L'édition 2006 du Printemps des Poètes s'intitule "Le Chant des Villes", il peut donc y avoir aussi de la poésie dans les villes ?
Bien sûr, le poésie touche à tous les aspects de l'existence, à tous les niveaux de la réalité. Rien de ce qui est humain ne lui est étranger. Depuis l'antiquité, des poètes ont écrit sur la ville. Pensez à Villon, Baudelaire ou Apollinaire…En outre, la poésie n'est pas seulement le chant du beau, du chou, de l'agréable. Elle dit aussi la violence, la révolte, la misère, la difficulté de vivre. Ce sont peut-être les poètes qui disent le mieux la réalité remuante des villes.

Qu'elle est la réaction des citadins face à l'irruption de la poésie un peu partout pendant quelques jours ?
Toutes sortes de réaction, surprise, plaisir, enthousiasme, malaise parfois, mais jamais l'indifférence.
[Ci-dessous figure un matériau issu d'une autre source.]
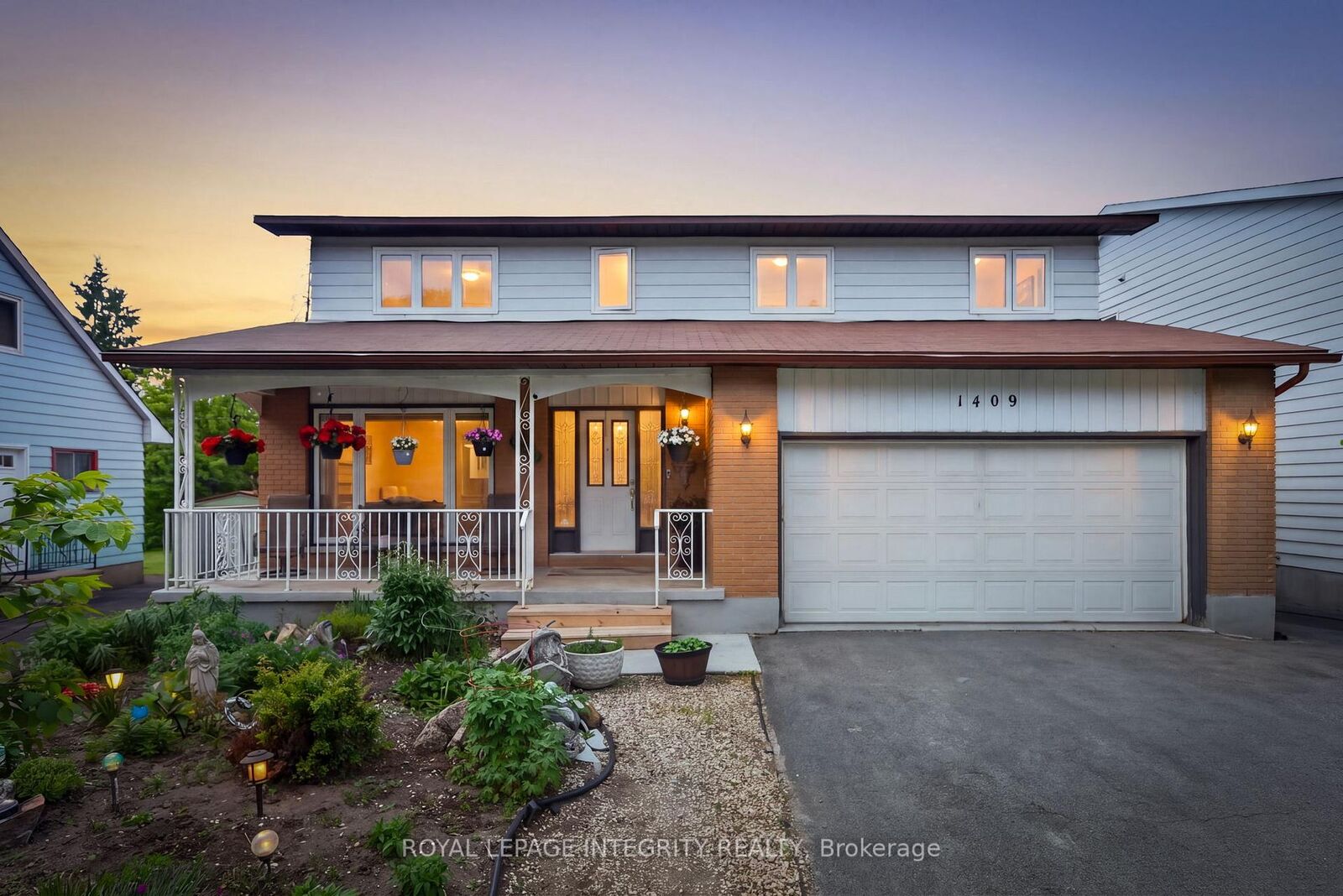 Property Photo:  1409 Lepage Avenue  ON K1Z 8M8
La plupart du temps les gens sont heureux qu'on leur offre une poésie, ils le vivent comme un moment de liberté imprévue, ils sont émus, amusés ou étonnés mais ne se sentent jamais agressés. Le plus souvent, ils en redemandent !

Le "Printemps des Poètes" ne montre-t-il pas surtout que la poésie, ce n'est pas seulement des poèmes écrits ou lus, mais qu'elle peut se décliner de mille façons différentes ?
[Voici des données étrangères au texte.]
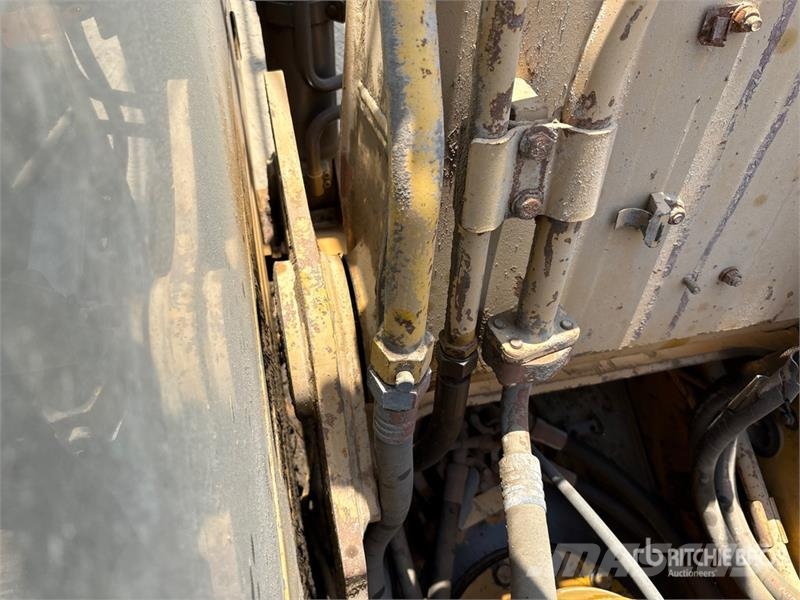 CAT 320D Tracked Excavator حفارات زحافة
Oui, sans aucun doute. Mais s'il y a mille façons de transmettre la poésie, si la lecture orale, le chant, la profération sont d'excellents moyens de conquérir un public nouveau, je crois qu'il est toujours bon, au bout du compte, d'en revenir au livre car il permet une lecture intime, libre, lente : il permet la rêverie et d' "habiter" le poème, de vivre avec lui un moment dont on choisit la durée. Plus on propose d'accès différents comme la poésie, plus on permet à chacun de choisir selon ses goûts propres, celui qui lui convient.